Introduction

Motivation

Autonomous navigation requires a robot to navigate and interact with a dynamic and open environment. For safe navigation, the vehicle should identify other agents of the environment, such as people and other vehicles, to avoid collisions. At the same time, it is essential to understand the semantics of the static scene, such as the drivable region of the environment. Lidar Panoptic Segmentation (LPS) aims to solve both of these tasks, i.e., jointly tackling instance segmentation and semantic segmentation for point clouds.

Fig 1: If an autonomous vehicle has not seen strollers before, this may lead to a catastrophe.

However, the LPS setup fails to consider realistic testing environments. First, in the real-world, there may be constant distribution shifts and LPS does not account for this. Second, and more crucially, the network is only trained to segment regions which belong to a predefined vocabulary of K classes. However, if a rare object such as a stroller is encountered (Fig 1), the network is not trained to recognize this, which may lead to catastrophic consequences. In an ideal situation, the network should alert such points as unknown or other (i.e., not seen in training set).

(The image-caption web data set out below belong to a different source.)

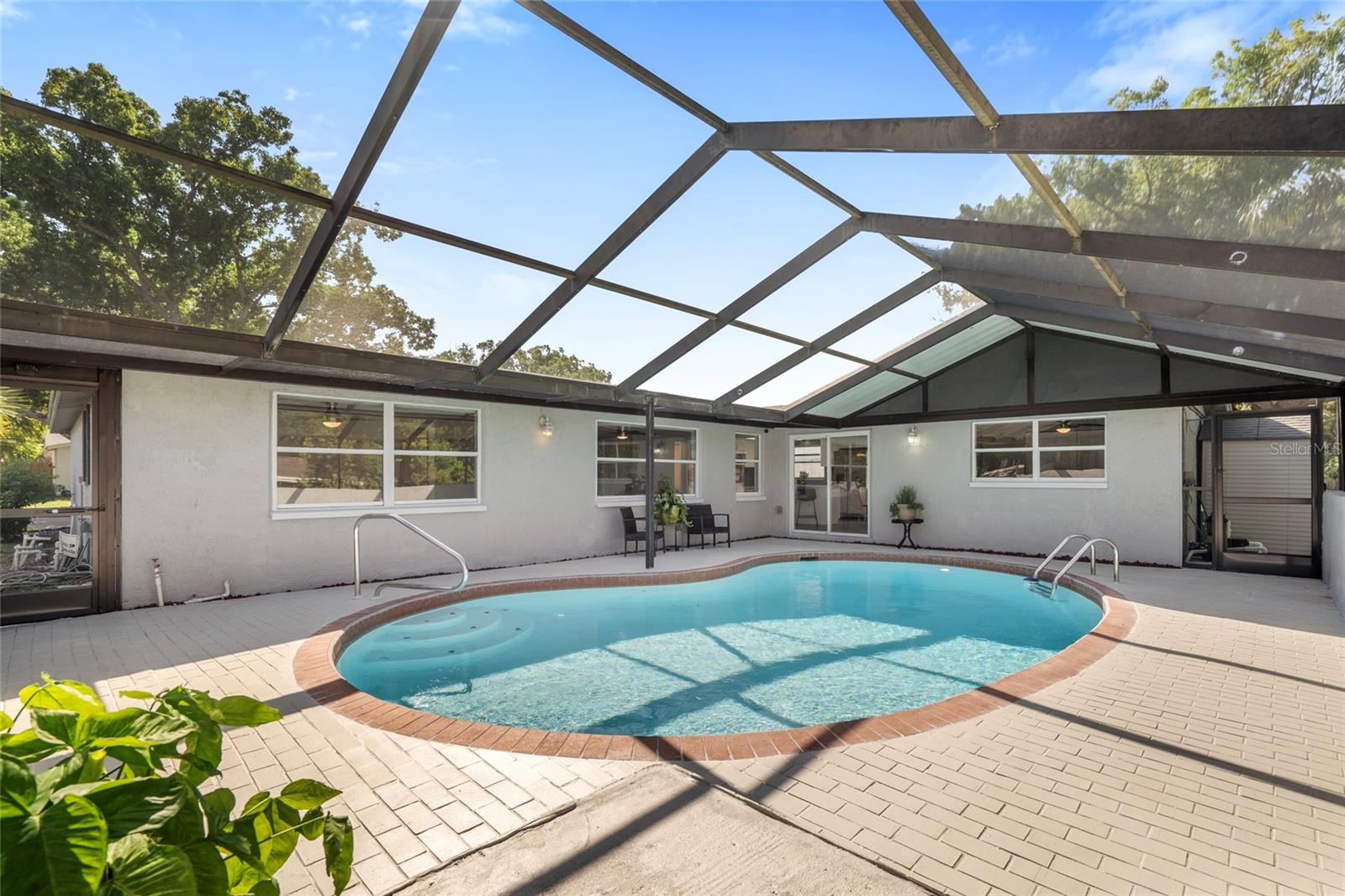 Image 7 of 47 For 9201 Hunt Club Lane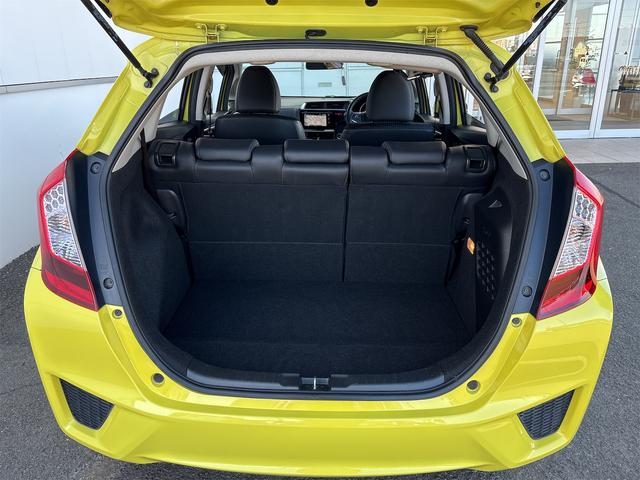 フィットハイブリッド Ｌパッケージ　衝突軽減装置　ナビＴＶＢカメラ　Ｂｌｕｔｏｏｔｈ　ＬＥＤオートライト　　ドラレコ　ＬＥＤオートライト　スマートキー２個　ＥＴＣ　ＵＳＢ　ハーフレザーシート　クルーズコントロール　サイドエアバック（26枚目）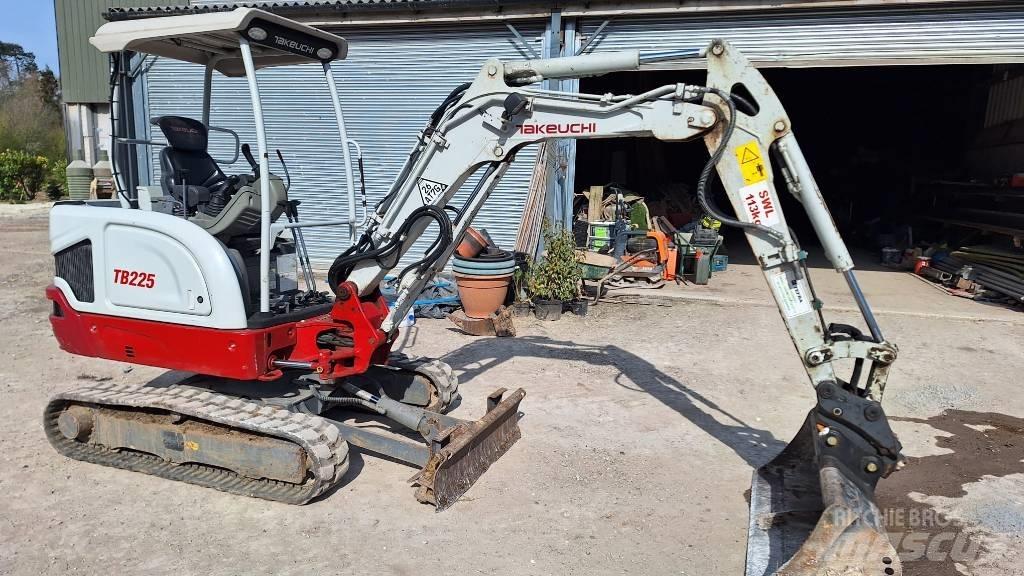 Takeuchi TB 225 Mini excavators < 7t (Mini diggers)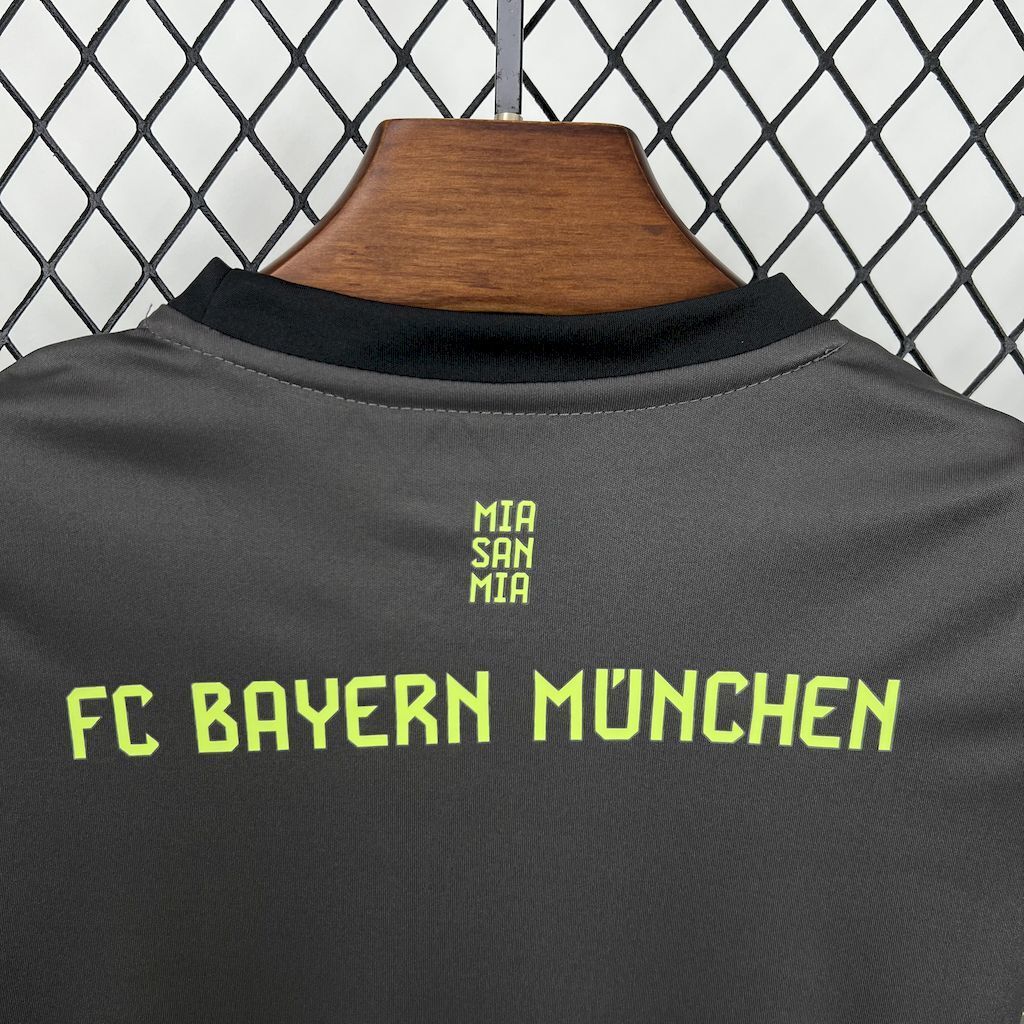 Kit Infantil Portugal Bayern 25/26 Goleiro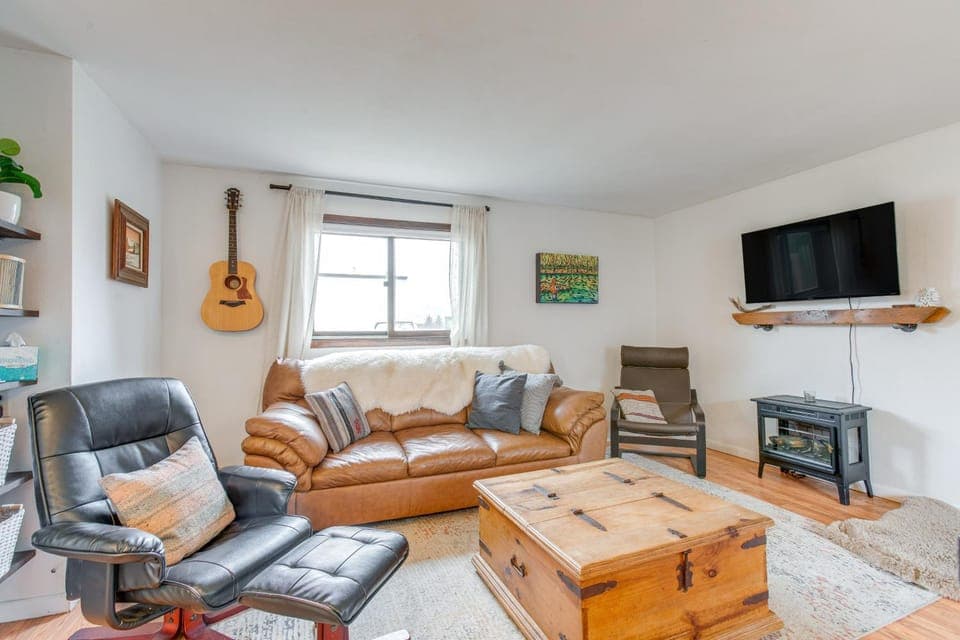 Hike, Ski & More: Walkable Downtown Granby Home House in Granby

The ability to segment these unseen classes is very important for safety-critical applications such as autonomous navigation. Additionally, it may also be useful for data-labelling, especially in the long-tail.

Problem Statement

Left: LPS aims to classify points into one of K pre-defined classes.
Right: In contrast, LiPSOW requires novel objects to be segmented as other

To overcome the challenges of using LPS methods in a real-world setting, we propose a new task which extends LPS in an open-world (LiPSOW). Under LiPSOW, methods are evaluated on a test-set which have a different data distribution than the training set. Therefore, to do well on LiPSOW, the method should be capable of handling shifting domains. Moreover, to account for novel objects from the long-tail, we evaluate algorithms by their ability to recognize other points and segment instances from other. In summary, in addition to stuff and thing classes (as is the case in LPS), we introduce an other class, which may internally consist of stuff or things, and LiPSOW methods must segment instances from both thing and other classes.

Our Contributions

In this work, our contributions are three-fold:

  1. We introduce a new problem setting, Lidar Panoptic Segmentation in an Open World (LiPSOW). We also establish evaluation protocols to evaluate methods under LiPSOW.
  2. Using existing work in LPS, we develop strong baselines for LiPSOW and analyze their performance.
  3. We propose our method, Hierarchical LiDAR Panoptic Segmentation (HLPS), which combines geometric clustering and lidar semantic segmentation to achieve strong performance on LiPSOW.